> _INFORMATION SHOWN_:

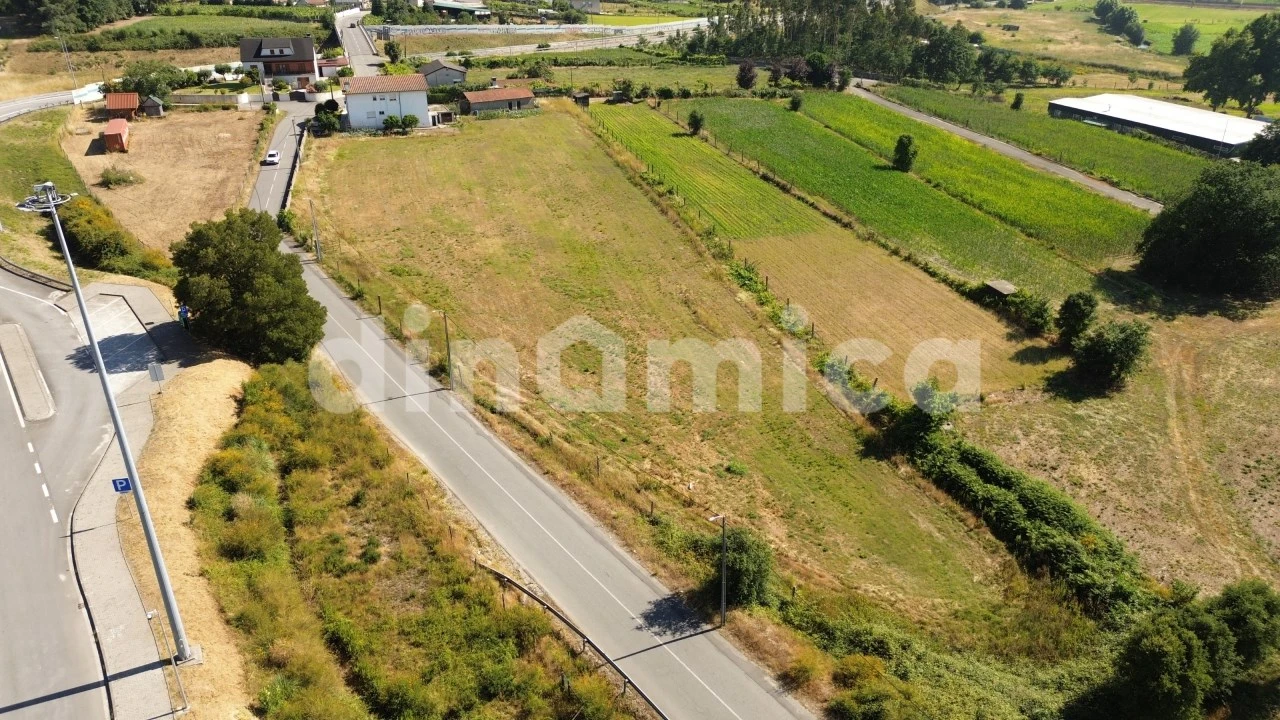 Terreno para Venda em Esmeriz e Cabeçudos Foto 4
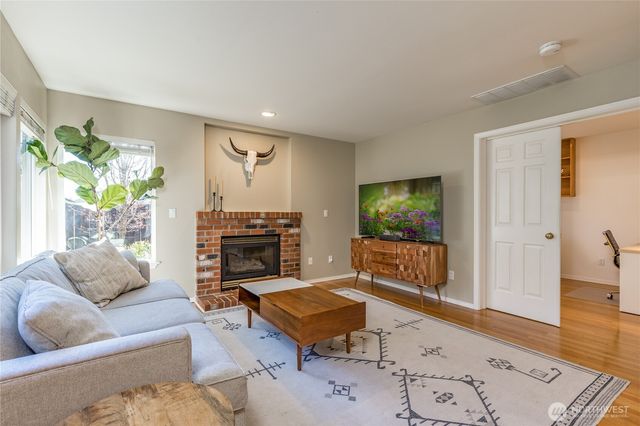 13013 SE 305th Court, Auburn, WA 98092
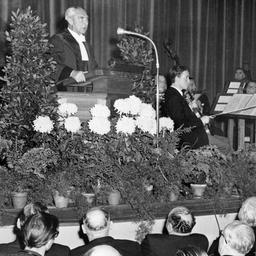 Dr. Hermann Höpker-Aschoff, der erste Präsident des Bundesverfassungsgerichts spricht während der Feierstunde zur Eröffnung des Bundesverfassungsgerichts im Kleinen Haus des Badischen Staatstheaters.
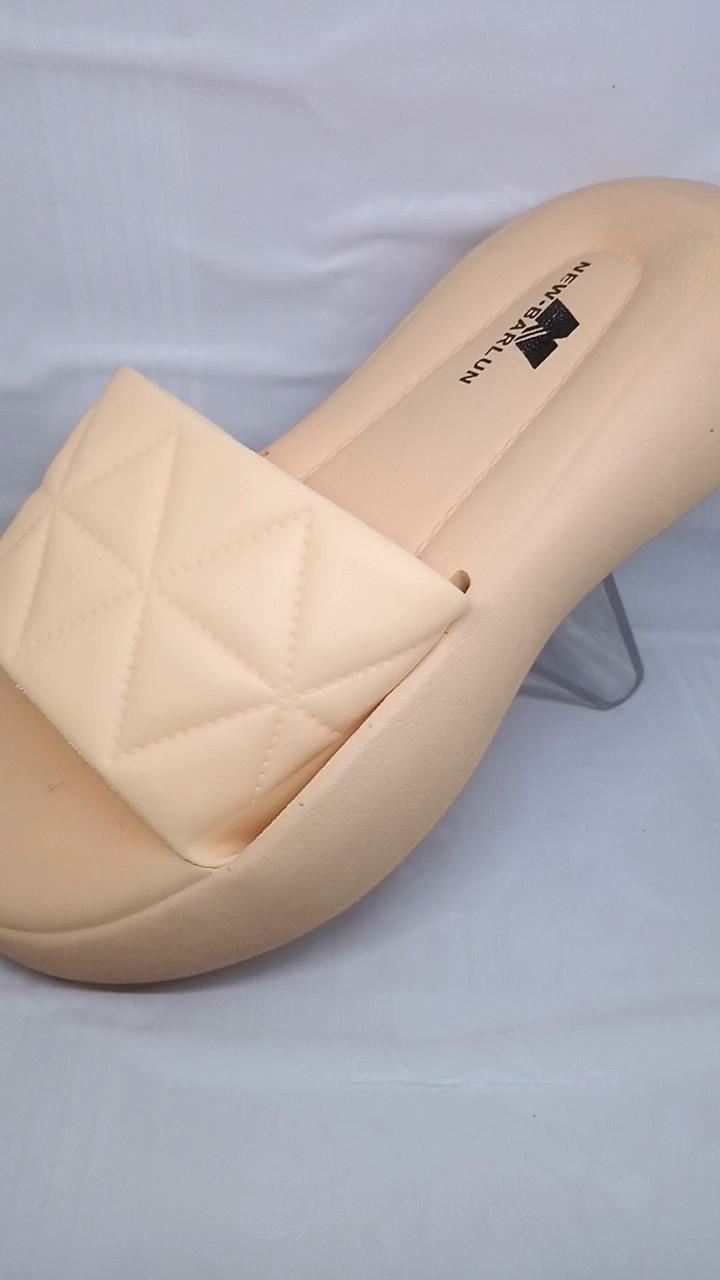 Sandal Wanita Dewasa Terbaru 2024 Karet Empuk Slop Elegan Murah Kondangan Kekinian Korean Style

> _GOAL OF THE EXERCISE_: Leave out the pictures; repeat the data exactly.

> _OUTPUT_:
 Terreno para Venda em Esmeriz e Cabeçudos Foto 4
 13013 SE 305th Court, Auburn, WA 98092
 Dr. Hermann Höpker-Aschoff, der erste Präsident des Bundesverfassungsgerichts spricht während der Feierstunde zur Eröffnung des Bundesverfassungsgerichts im Kleinen Haus des Badischen Staatstheaters.
 Sandal Wanita Dewasa Terbaru 2024 Karet Empuk Slop Elegan Murah Kondangan Kekinian Korean Style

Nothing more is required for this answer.